Zakenman Huts wil naar eigen zeggen doen wat de overheid volgens hem niet kan: ‘dure en kwalitatieve projecten financieren, met snel resultaat’. Het statement van Huts is een duidelijk signaal van het soort regimewissel waar we voor staan: terwijl grote zakenimperiums op fiscaal vlak op allerlei inventieve manieren belastingen ontduiken en hierin door onze Minister van Financiën ( J. Van Overtveldt – N-VA) luidop worden ondersteund in de vorm van fiscale gunstmaatrelen profileren patroons als Fernand Huts (maar ook Marc Coucke) zich als mecenassen.

Ik zie in de culturele wereld een steeds grotere rol voor private partners’ zegt Huts. Als ervaren cultuurwerker wil ik dit voluit contesteren. Het deels privatiseren van de kunst- en cultuurwereld maakt dat elke vorm van democratische controle en onderhandeling tussen de overheid en haar adviesraden en beoordelingscommissies onder vuur komt te liggen. Mecenassen als Huts zetten de overheid en de bevolking twee maal voor schut. Eerst ontduiken ze bijna steeds belastingen via allerlei fiscale gunstmaatregelen om dan vervolgens de cultuursector in een neoliberaal keurslijf te dwingen. ‘De overheid trekt zich steeds meer terug uit de sector en rijdt zich vast in haar eigen regels en gebrek aan flexibiliteit’. Met dit soort framing probeert Huts de holdup die hij op de overheid en de bevolking pleegt te verdonkeremanen. Freud noemt dit soort framing ‘een verdraaiing door omkering’. Net door mecenassen – die telkens wanneer ze rechtmatig belast zouden worden dreigen met het herlokaliseren van hun bedrijven – zetten ze de overheid het mes op de keel.
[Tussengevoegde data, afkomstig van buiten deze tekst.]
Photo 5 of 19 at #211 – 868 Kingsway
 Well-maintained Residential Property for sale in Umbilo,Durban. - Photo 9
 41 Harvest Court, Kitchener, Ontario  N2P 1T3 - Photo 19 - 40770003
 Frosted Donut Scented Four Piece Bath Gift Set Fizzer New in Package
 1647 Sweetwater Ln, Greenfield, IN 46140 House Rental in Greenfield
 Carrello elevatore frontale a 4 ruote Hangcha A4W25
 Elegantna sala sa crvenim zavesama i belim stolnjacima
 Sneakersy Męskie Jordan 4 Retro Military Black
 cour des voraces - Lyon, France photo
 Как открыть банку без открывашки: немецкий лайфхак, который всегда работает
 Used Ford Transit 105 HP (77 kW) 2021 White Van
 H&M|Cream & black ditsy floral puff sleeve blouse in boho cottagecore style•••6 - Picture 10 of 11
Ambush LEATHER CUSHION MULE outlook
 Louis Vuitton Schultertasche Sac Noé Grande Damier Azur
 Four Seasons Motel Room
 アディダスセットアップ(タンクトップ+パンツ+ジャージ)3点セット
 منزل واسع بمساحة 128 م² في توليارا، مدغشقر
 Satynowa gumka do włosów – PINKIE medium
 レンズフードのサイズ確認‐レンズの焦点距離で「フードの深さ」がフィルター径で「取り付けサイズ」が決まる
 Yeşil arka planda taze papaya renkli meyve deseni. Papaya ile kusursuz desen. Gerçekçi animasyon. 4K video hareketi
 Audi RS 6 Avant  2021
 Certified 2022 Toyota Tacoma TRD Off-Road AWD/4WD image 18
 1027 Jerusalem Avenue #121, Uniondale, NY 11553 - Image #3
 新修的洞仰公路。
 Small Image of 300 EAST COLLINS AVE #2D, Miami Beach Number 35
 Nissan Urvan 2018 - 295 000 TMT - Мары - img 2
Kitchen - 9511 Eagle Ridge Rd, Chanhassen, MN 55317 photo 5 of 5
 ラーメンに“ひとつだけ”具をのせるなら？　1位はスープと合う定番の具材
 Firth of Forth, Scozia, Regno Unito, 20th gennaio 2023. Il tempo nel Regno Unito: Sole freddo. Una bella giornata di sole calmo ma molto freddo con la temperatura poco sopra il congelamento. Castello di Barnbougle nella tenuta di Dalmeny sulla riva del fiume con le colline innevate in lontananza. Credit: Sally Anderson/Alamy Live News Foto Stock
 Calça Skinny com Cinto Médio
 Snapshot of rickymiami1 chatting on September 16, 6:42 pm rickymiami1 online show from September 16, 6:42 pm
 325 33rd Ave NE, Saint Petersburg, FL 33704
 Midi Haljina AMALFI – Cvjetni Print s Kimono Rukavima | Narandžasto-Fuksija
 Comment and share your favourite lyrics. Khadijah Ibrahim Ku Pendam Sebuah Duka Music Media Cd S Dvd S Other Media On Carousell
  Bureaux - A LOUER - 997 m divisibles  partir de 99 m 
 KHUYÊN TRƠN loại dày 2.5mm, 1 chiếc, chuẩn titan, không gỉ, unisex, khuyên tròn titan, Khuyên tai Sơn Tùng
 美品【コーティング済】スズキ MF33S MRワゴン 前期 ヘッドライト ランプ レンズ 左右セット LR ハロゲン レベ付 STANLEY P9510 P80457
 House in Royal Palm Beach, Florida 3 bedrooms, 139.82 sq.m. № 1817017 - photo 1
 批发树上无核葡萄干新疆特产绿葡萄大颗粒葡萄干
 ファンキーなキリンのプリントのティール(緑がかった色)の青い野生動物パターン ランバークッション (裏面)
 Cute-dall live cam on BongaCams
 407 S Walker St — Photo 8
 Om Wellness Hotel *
Onze overheid, haar puike ambtenarij en de gedreven cultuurbeoordelaars worden in de eerste plaats geconfronteerd met een te kort aan middelen om de vele kwaliteitsvolle kunsthuizen en gedreven kunstenaars en cultuurwerkers op een levensvatbare manier te subsidiëren. Het kunst- en cultuurlandschap in Vlaanderen etaleert op geen enkele manier spilzucht, hebberigheid, noch gebrek aan inzet en kwaliteit. Integendeel, heel wat huizen en makers staat het lippen aan het water en bijten heel wat kunstenaars hun tanden stuk hoe ze überhaupt nog zullen kunnen creëren. Als de overheid zich al terug trekt uit de sector gebeurt dit net omdat de sterkste schouders ontsnappen aan de democratische controle en plicht om volgens vermogen bij te dragen. Huts en andere mecenassen veroorzaken binnen het culturele werkveld een schrijnende vorm van sociale dumping. Veel acteurs, actrices, cineasten, beeldend kunstenaars, danser, muzikanten,…werken aan dumpingprijzen. Velen ontvangen weinig tot geen subsidies en krijgen de boodschap om uit te kijken naar alternatieve financieringsbronnen. De framing waar binnen deze kaalslag zich voltrekt gebeurt onder het mom van ‘noodzakelijke besparingen’.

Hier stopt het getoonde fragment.